Member of the Virginia Senate from the Orange, Culpeper and Madison Counties district
- In office October 5, 1869 – December 8, 1879
- Preceded by: Philip W. Strother
- Succeeded by: John R. Strother

Member of the Virginia House of Delegates from the Culpeper County, Virginia district
- In office December 2, 1885 – March 6, 1887
- Preceded by: J. C. Gibson
- Succeeded by: James Barbour

Personal details
- Born: April 3, 1840 Rappahannock County, Virginia, US
- Died: February 5, 1910 (aged 69) Culpeper County, Virginia, US
- Spouse: Elizabeth A. Browning (1845–1919)
- Occupation: lawyer, Confederate officer, politician, judge

Military service
- Allegiance: Confederate States of America
- Branch/service: cavalry
- Years of service: 1862-1865
- Rank: Major
- Unit: 6th Virginia Cavalry
- Battles/wars: Battle of Front Royal,

= Daniel A. Grimsley =

American politician

Daniel Amon Grimsley (April 3, 1840 – February 5, 1910) was a Virginia lawyer, Confederate officer, ten-year member of the Virginia senate and for 23 years judge in Culpeper County.

==Early and family life==
The son of Baptist minister Barnett Grimsley (1807-18895) and his wife the former Ruth Updike (who had married in 1830). Grimsley had an older brother Thomas F. Grimsley (1835–1913, who had also become a teacher and Baptist minister by 1860) and older sisters Elizabeth (b. 1831) and Martha (b.1838), as well as a younger sister Louisa (b. 1842). His father owned eight slaves in the 1860 census.

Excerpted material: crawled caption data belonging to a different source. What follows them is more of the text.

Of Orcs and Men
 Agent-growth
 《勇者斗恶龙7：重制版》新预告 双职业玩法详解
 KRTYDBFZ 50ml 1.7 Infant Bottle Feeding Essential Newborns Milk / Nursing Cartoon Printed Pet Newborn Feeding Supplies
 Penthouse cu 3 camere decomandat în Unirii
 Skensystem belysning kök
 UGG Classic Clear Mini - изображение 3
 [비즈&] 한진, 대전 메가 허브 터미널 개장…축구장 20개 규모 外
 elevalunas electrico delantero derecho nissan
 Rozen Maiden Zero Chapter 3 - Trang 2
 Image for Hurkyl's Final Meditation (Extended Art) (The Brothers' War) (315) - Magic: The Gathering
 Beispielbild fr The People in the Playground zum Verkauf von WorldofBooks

Daniel Grimsley married Elizabeth (Bettie) A. Browning, and they had children: Margaret (Maggie) Grimsley Drewry (1868–1941), Virginia (Birdie) L Grimsley Burckmyer (1869–1950), T. Edwin Grimsley (1871–1930), Mary Browning Grimsley Barbour (1873–1962), Frances (Fannie) Grimsley Smith (1875–1952), Elizabeth Barnett Grimsley Theus (1880–1951), and Ethel Grimsley (1882–1894).

==Career==

As the American Civil War began and Virginia seceded from the Union, Grimsley's elder brother Thomas enlisted almost immediately in the 6th Virginia Cavalry, on May 8, 1861. Daniel Grimsley (who was characterized as a schoolteacher on the 1860 census but as a farmer on the enlistment roll) joined the same unit as a corporal at Manassas, Virginia, on April 22, 1862. He was a member of Payne's Brigade, Fitz Lee's Division. Following the Battle of Front Royal, although Thomas would remain a private for the rest of the war, Daniel was promoted to sergeant on June 20, 1862. He was wounded at least twice, and also frequently assigned to court martial duty. Daniel Grimsley was promoted to Captain on April 20, 1862, and to Major on June 4, 1864.

After the war, Grimsley read law under commonwealth attorney Horatio G. Moffet (1808–1892) of Rappahannock County, Virginia. Following admission to the Virginia bar, Grimsley moved to Culpeper and practiced law with James Barbour.

After adoption of the Virginia Constitution of 1869 and the Commonwealth's readmission to the Union, Culpeper County's voters elected Grimsley to represent them in the Virginia Senate. He served from 1869 and was re-elected twice times, serving for a decade. He ran again in 1885, this time to represent Culpeper County in the House of Delegates.

Not long afterward, fellow legislators elected him a judge of the Circuit Court in Culpeper, so his longtime law partner (and later in-law) James Barbour resumed the seat he had held before the American Civil War. Grimsley served as a judge in Culpeper for 23 years.

==Death and legacy==

Judge Grimsley experienced a stroke on February 2, 1910, and died three days later at his home. He had a son, Capt. T. Edward Grimsley (who had become a lawyer by 1900), and five daughters.